You're actually pretty close. But the code is confusing: specifically the variable names and what actual values they represent. As a result, you appear to be just guessing the math. So let's go back to square one and determine what exactly it is we need to do, and the math will very easily fall out of it.
First, just imagine we have one sample covering each of the five channels. This is called an audio frame for that sample. The frame looks like this:
[channel0][channel1][channel2][channel3][channel4]
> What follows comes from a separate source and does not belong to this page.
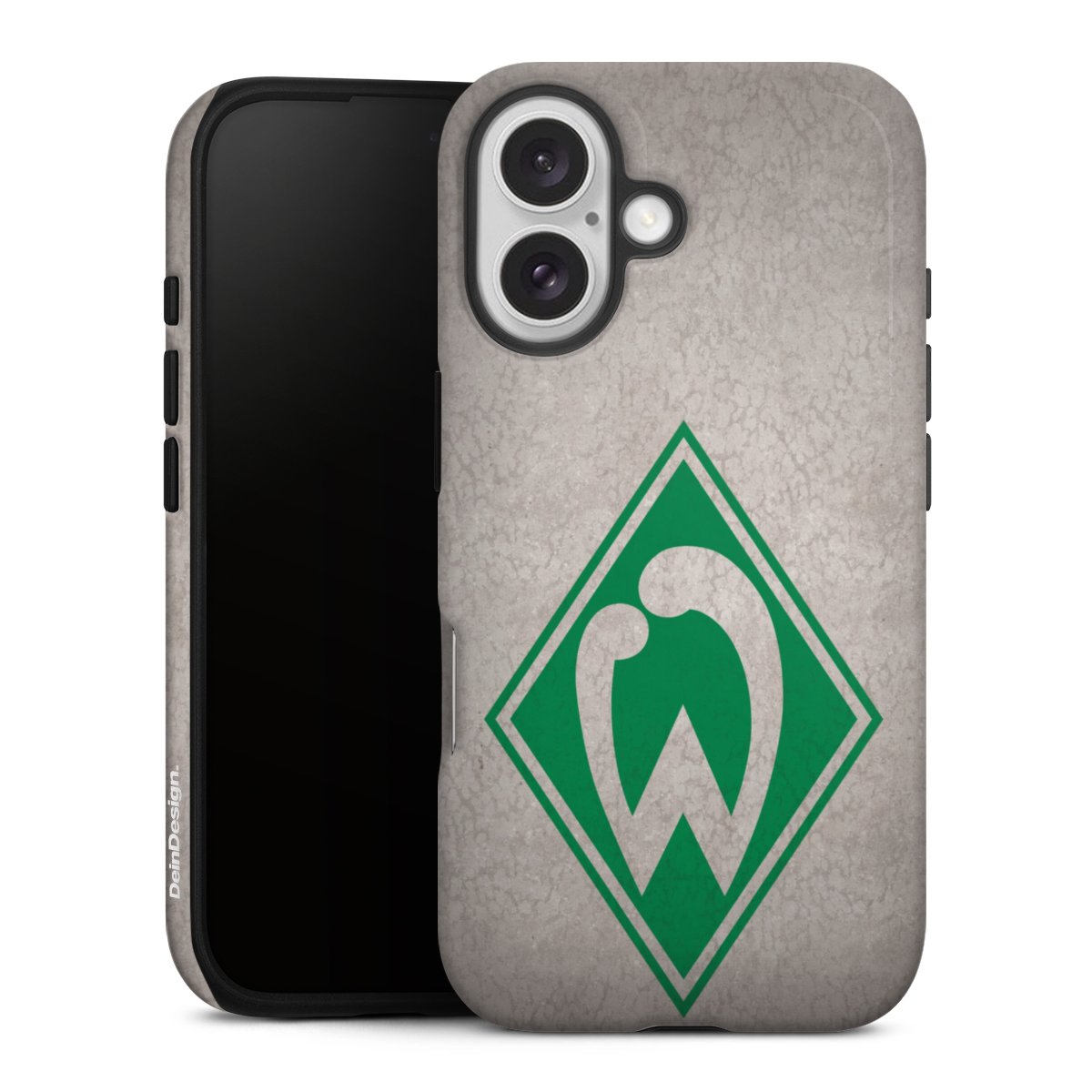 iPhone 16 Handy Panzer Handyhülle robuste Outdoor Hülle Schutzhülle glänzend Sv Werder Bremen Concrete Official Licensed Product Tough Case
The width of a sample in one channel is called byterate
in your code, but I don't like that name. I'm going to call it bytes_per_sample
instead. You can easily see the width of the entire frame is this:
int bytes_per_frame = bytes_per_sample * channel_count;
It should be equally obvious that to find the starting offset for channel c
within a single frame, you multiply as follows:
int sample_offset_in_frame = bytes_per_sample * c;
That's just about all you need! The last bit is your z
loop which covers each byte in a single sample for one channel. I don't know what z
is supposed to represent, apart from being a random single-letter identifier you chose, but hey let's just keep it.
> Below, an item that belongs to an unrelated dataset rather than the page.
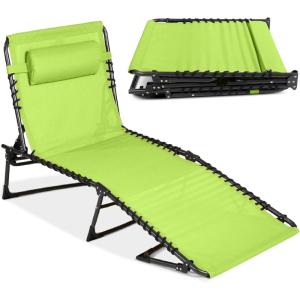 imageBest Choice Products Patio Chaise Lounge Chair Portable Outdoor Folding Recliner for Lawn w 8 Positions Handles 300lb Capacity  BeigeLime Green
Putting all this together, you get the absolute offset of sample s
in channel c
and then you copy individual bytes out of it:
int sample_offset = bytes_per_frame * s + bytes_per_sample * c;
for (int z = 0; z < bytes_per_sample; ++z) {
audio.push_back(audio_ptr[sample_offset + z]);
}
This does actually assume you're looping over the number of samples, not the number of bytes in your channel. So let's show all the loops for completion sake:
const int bytes_per_sample = bitrate / 8;
const int bytes_per_frame = bytes_per_sample * channel_count;
const int num_samples = audio_size / bytes_per_frame;
for (int c = 0; c < channel_count; ++c)
{
int sample_offset = bytes_per_sample * c;
for (int s = 0; s < num_samples; ++s)
{
for (int z = 0; z < bytes_per_sample; ++z)
{
audio.push_back(audio_ptr[sample_offset + z]);
}
// Skip to next frame
sample_offset += bytes_per_frame;
}
}
You'll see here that I split the math up so that it's doing less multiplications in the loops. This is mostly for readability, but might also help a compiler understand what's happening when it tries to optimize. Concerns over optimization are secondary (and in your case, there are much more expensive worries going on with those vectors and the map)..
The most important thing is you have readable code with reasonable variable names that makes logical sense.